» **Given information**:
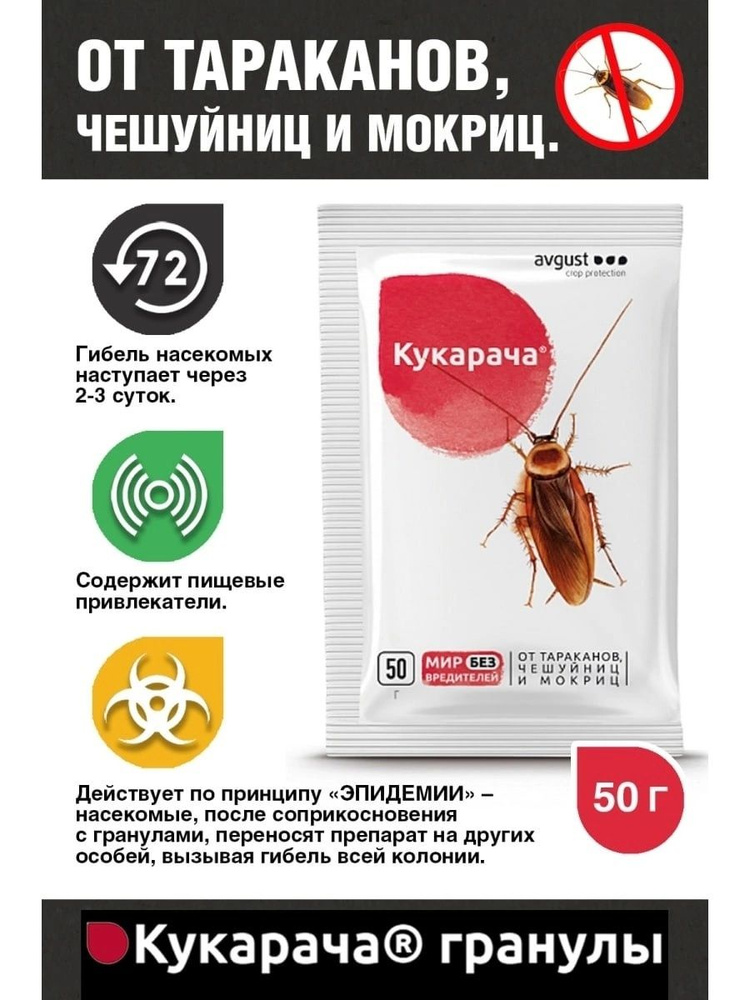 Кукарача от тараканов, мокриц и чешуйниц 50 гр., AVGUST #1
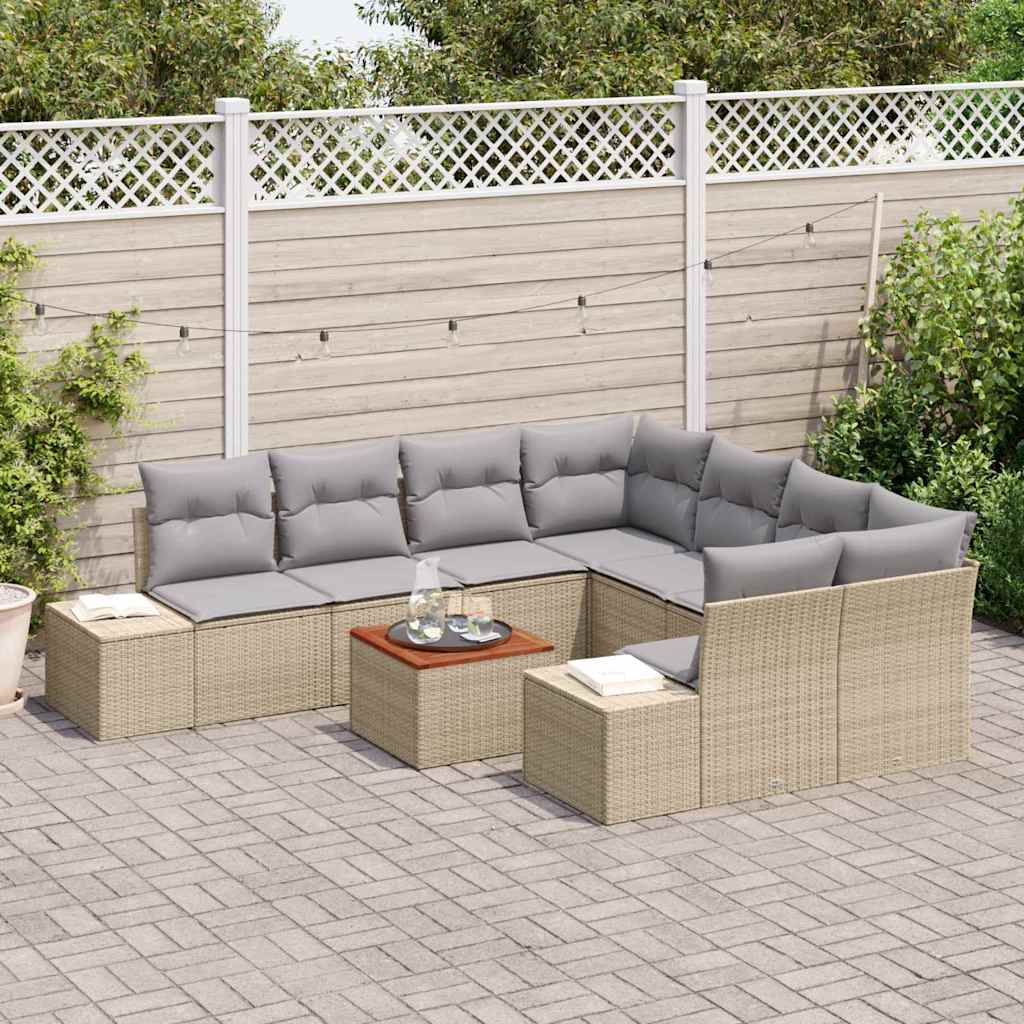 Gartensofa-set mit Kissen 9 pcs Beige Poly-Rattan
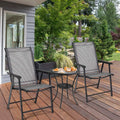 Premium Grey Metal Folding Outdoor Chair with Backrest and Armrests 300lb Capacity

* * *

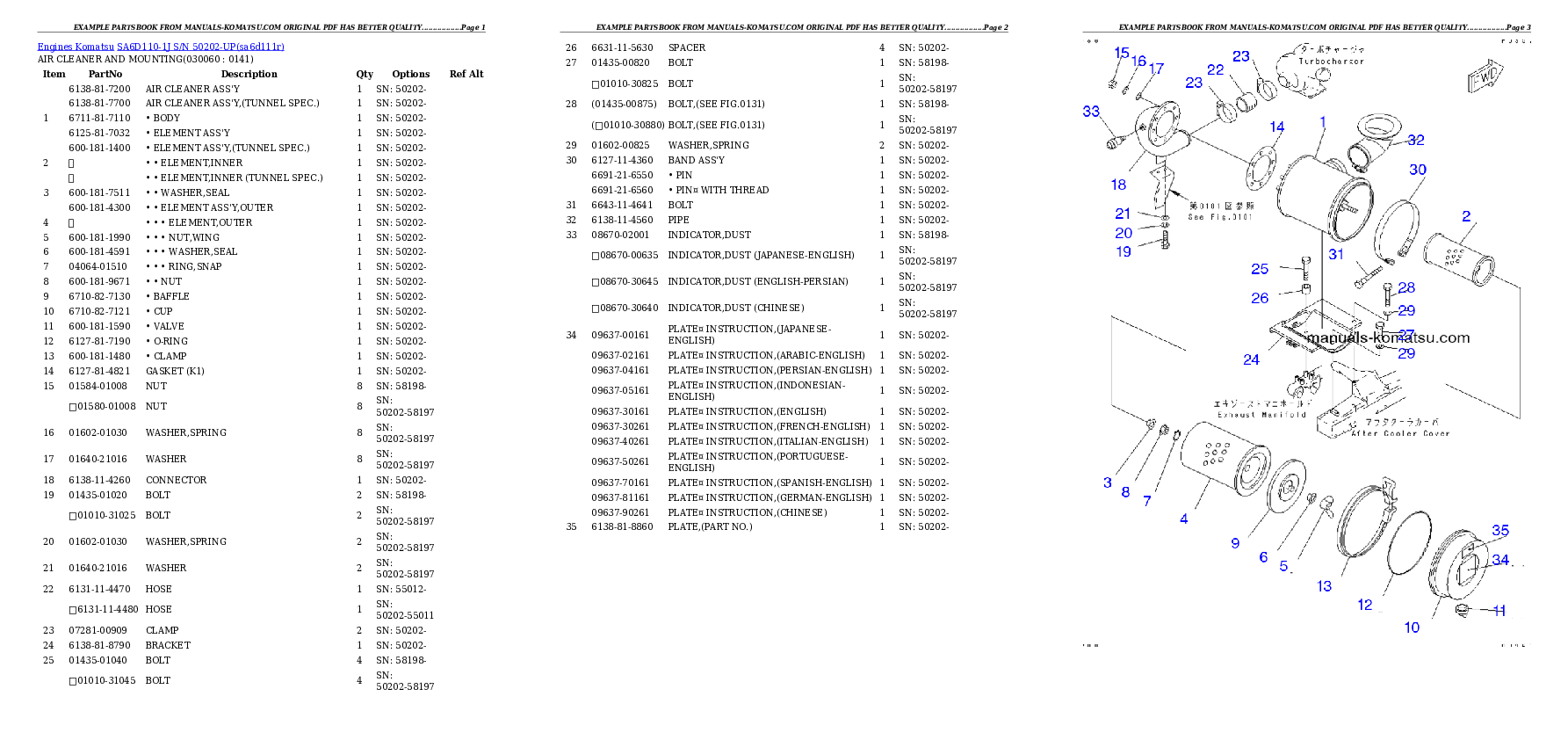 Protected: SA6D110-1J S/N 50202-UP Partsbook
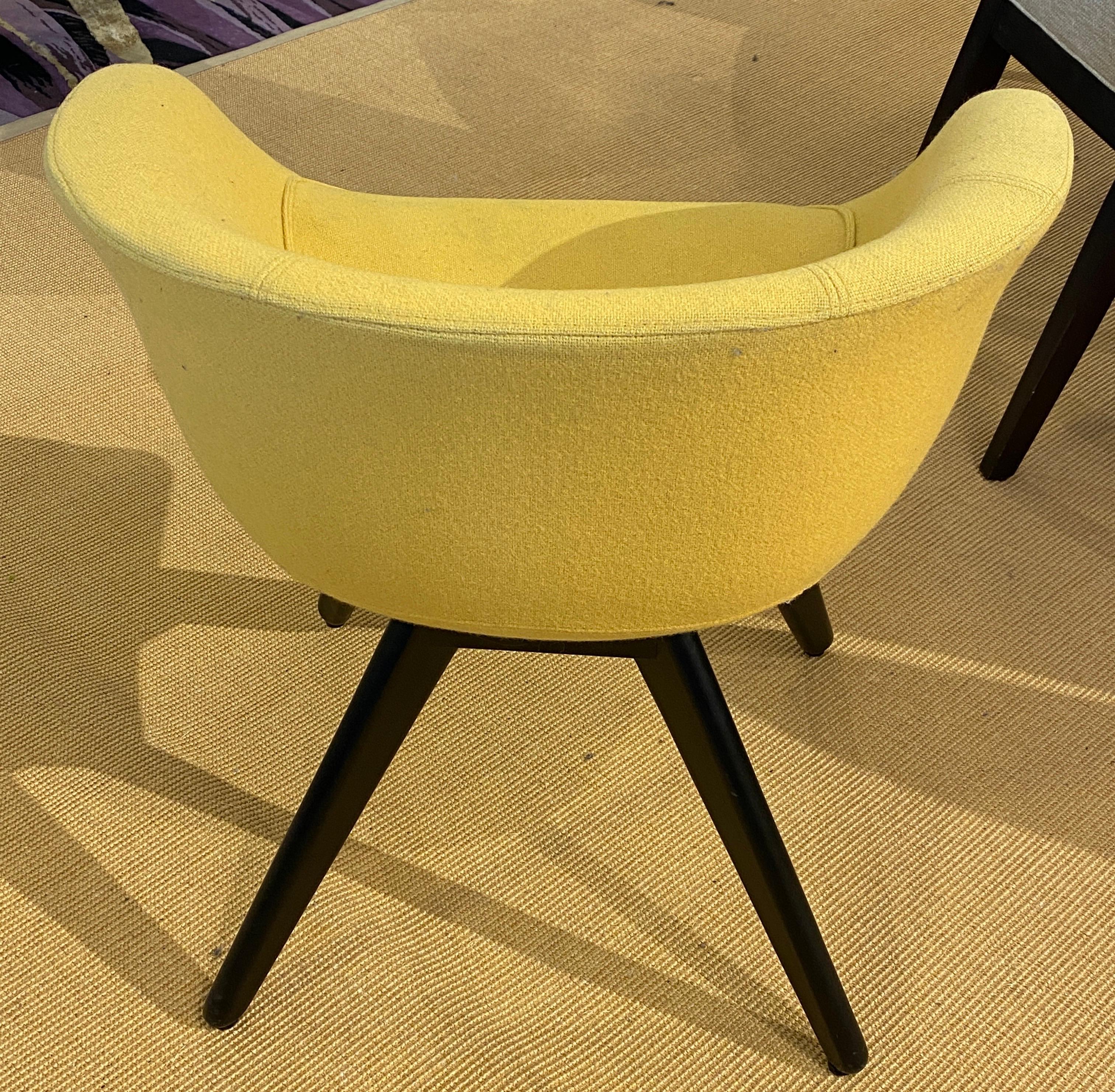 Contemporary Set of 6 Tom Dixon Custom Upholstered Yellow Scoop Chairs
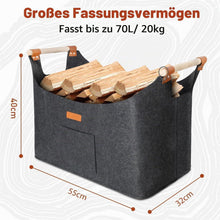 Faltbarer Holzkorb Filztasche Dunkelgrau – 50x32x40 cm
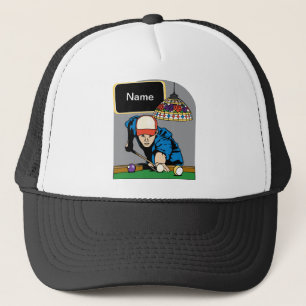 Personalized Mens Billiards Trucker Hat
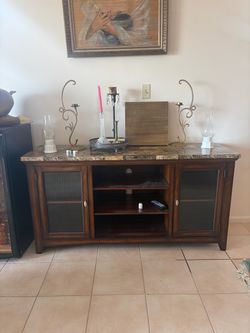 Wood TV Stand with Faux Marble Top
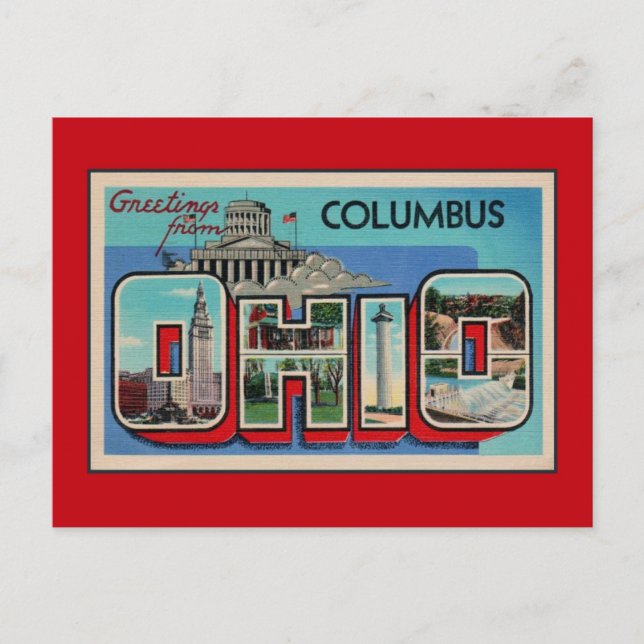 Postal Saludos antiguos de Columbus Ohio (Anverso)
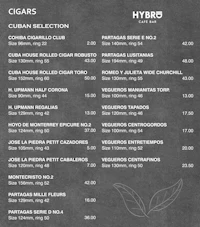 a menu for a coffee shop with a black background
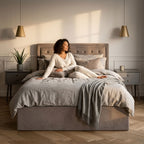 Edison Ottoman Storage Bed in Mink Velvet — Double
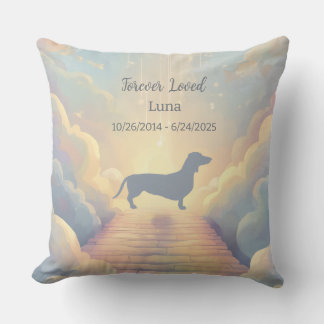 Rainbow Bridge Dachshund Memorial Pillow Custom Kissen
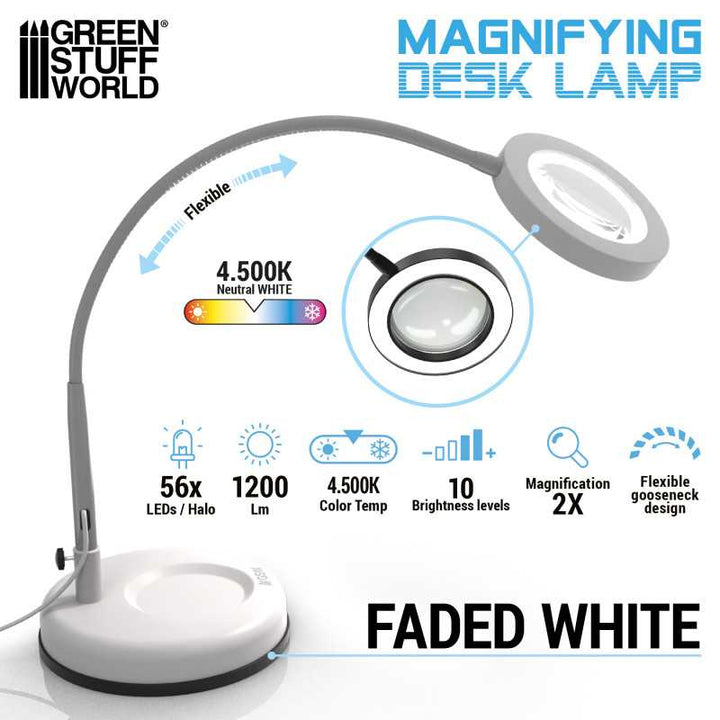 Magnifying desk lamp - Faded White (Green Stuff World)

--

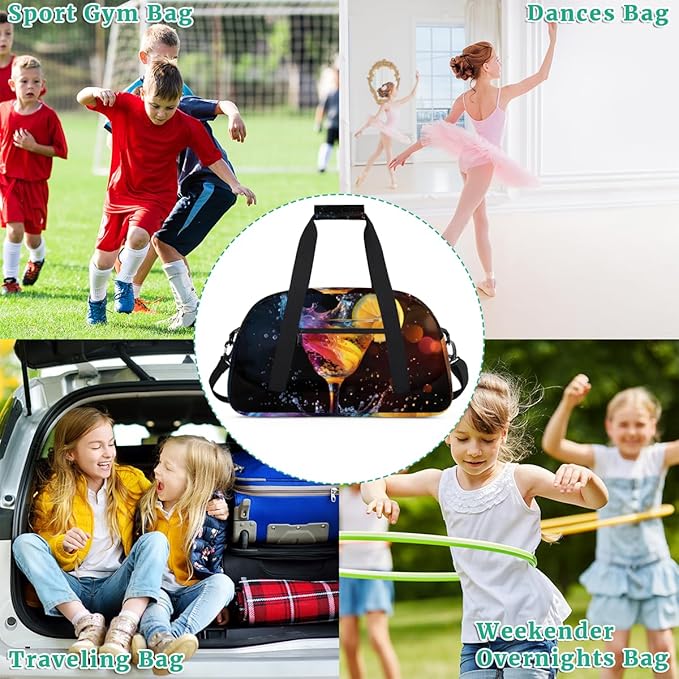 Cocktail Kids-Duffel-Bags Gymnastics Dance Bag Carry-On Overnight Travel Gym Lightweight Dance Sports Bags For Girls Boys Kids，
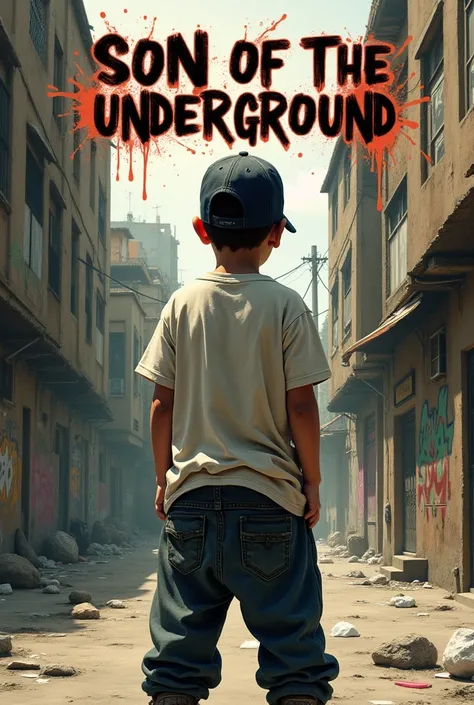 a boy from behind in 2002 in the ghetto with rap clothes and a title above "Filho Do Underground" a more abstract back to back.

» **Task directions**: Everything from the line above that contains "Contemporary Set of" down to the line that contains "Edison Ottoman Storage" must be reproduced exactly, both ends included. Omit the pictures.

» **Answer below**:
 Contemporary Set of 6 Tom Dixon Custom Upholstered Yellow Scoop Chairs
 Faltbarer Holzkorb Filztasche Dunkelgrau – 50x32x40 cm
 Personalized Mens Billiards Trucker Hat
 Wood TV Stand with Faux Marble Top
 Postal Saludos antiguos de Columbus Ohio (Anverso)
 a menu for a coffee shop with a black background
 Edison Ottoman Storage Bed in Mink Velvet — Double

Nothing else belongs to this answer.